Pasarse con la sal o pasarse con el azúcar, ¿qué es peor?

Pasarse con la sal o pasarse con el azúcar, ¿qué es peor?

Ambas sustancias son buenas en su justa medida y malísimas si te pasas

Sandra Escobar

Las personas que cuidan su alimentación saben que tanto el consumo abusivo de sal como el del azúcar pueden derivar en graves problemas para la salud. Pues, aunque tanto la combinación de cloro y sodio que da forma a la popular sal de mesa como la sacarosa o la sucrosa, comúnmente conocida como azúcar, son necesarias para el buen funcionamiento del cuerpo humano, la realidad es que consumirlas por encima de lo deseable puede desembocar en el desarrollo de enfermedades crónicas e incluso en obesidad.

Los riesgos de pasarse con la sal

Según la recomendación de la Organización Mundial de la Salud (OMS), la cantidad ideal de sal que debemos consumir es de cinco gramos al día y, sin embargo, la mayoría consumimos más del doble (de 9 a 12 gramos de promedio), algo que hace que a los expertos en salud y a las autoridades les salten todas las alarmas. Pues, una ingesta abusiva de sal puede provocar hipertensión, mala regulación de los riñones e en algunas ocasiones incluso puede dar lugar a una mayor cantidad de estrés y más riesgo de sufrir problemas cardiovasculares.

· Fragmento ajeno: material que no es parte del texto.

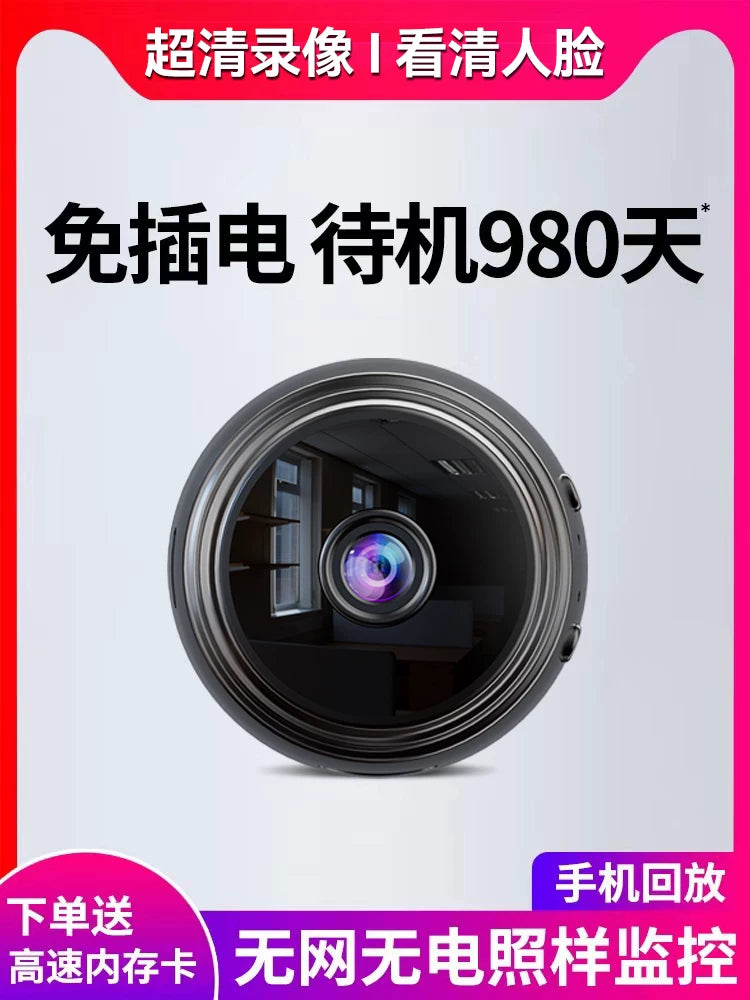 Wireless 5MP/4K HD Indoor Security Camera with Night Vision and Remote Monitoring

¿Significa esto que debemos comer nuestra comida sosa? Para nada. Como hemos comentado, el abuso de este condimento es perjudicial, pero su consumo es ventajoso para nuestro bienestar, ya que ayuda en la regulación de fluidos y la transmisión de impulsos nerviosos.


Ahora bien, desde la OMS advierten de que la sal que se consume debe ser yodada, es decir enriquecida con yodo, un elemento esencial para un desarrollo sano del cerebro del feto y del niño pequeño.

¿Qué pasa cuando tomas mucho azúcar?

Al igual que pasa con la sal, el abuso del azúcar es negativo. Por ello hay que tener en cuenta que no todo el azúcar que consumimos proviene de los sobrecillos que le echamos al café o de los dulces que nos compramos en las máquinas expendedoras del trabajo.

Mucha gente mide su consumo de azúcar en función de la cantidad de bollos o dulces que se ha permitido comer, pero no hay que olvidar que el azúcar no solo se encuentra en productos de repostería, sino también en las frutas y hortalizas (cereza, higo, mango, dátil…) y es precisamente este el que nuestro cuerpo necesita para funcionar con normalidad. El que nos aporta la energía que necesitamos para hacer frente a nuestro día a día y el que, gracias al acompañamiento de agua y fibra que conlleva de forma natural, no nos hace engordar.

Son los azúcares refinados, aquellos que se nos presentan añadidos a determinados alimentos y bebidas, los que son realmente dañinos para la salud humana y los que nos hacen engordar. Cabe recordar que una sola Coca Cola duplica el consumo diario recomendado de azúcar, que se recomienda que sea de entre 25 y 30 gramos diarios para una persona adulta, aunque puede llegar hasta los 50 gramos al día.

El abuso del azúcar puede derivar en enfermedades cardiovasculares, en hipertensión, en diabetes, en problemas bucodentales como la aparición de caries, en problemas en la piel, en la aparición de problemas de memoria e incluso puede ser el detonante de la ansiedad y otros problemas de salud mental.

Conclusión: ¿qué es peor, el azúcar o la sal?

La conclusión a la que han llegado todos los expertos es la que seguramente imaginabas, que no hay una peor que otra. El consumo abusivo tanto de la sal como del azúcar es perjudicial, sea como sea.

Pero los especialistas sí van con la lección aprendida y eso es, precisamente lo que tratan de infundir en los consumidores. Lo primero, es que no se excedan con la ingesta de uno u otro condimento. Lo segundo, quizá menos obvia pero igual de importante, es fijarse bien en los etiquetados de los productos, porque solo así se aprenderá a detectar la cantidad de azúcar o sal que se va a consumir en una sola ingesta y se podrá ser consciente de si se están rebasando los límites saludables o no.